After attending high school she studied at Syracuse University, NY from 1956, where she frequently published in the university’s literary magazine.
In 1960 she received her B.A. degree at the top of her class and then transferred to the University of Wisconsin where she received an M.A. in English in 1961. In the same year she married Raymond Joseph Smith, a fellow English student. In 1962 she was appointed to a teaching position in English at the University of Detroit.
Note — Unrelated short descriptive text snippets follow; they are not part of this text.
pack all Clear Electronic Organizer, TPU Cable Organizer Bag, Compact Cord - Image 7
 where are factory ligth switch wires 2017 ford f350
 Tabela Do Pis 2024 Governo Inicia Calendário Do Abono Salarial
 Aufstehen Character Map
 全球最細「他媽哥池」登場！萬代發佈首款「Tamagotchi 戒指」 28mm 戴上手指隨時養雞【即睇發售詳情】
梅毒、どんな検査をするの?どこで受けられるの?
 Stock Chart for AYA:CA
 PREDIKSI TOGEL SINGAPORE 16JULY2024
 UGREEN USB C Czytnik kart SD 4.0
The social tensions of this city had a lasting impact on her writing and her first novel, With Shuddering Fall (1964), announced her familiar themes of madness, violence and sexual passion.
From 1968 to 1978, she taught at the University of Windsor in Canada, where she published two or three new books per year, though she maintained her full-time academic career. Finally she accepted a position of professor and writer in residence at Princeton University, NJ. Here she and her husband, who was on the academic staff, too, founded a literary magazine, the Ontario Review. Since 1981 she has been a distinguished professor there.
It is no exaggeration to say that Joyce Carol Oates is one of America's most versatile, serious and prolific writers of our time. Meanwhile she has written hundreds of short stories, and more than sixty novels, novellas, young adult and children’s fiction—partly under the pseudonyms Rosamond Smith and Lauren Kelly. Moreover, Joyce Carol Oates is a successful playwright, a poet, and the author of a number of critical works, newspaper articles, and last but not least the editor of various anthologies.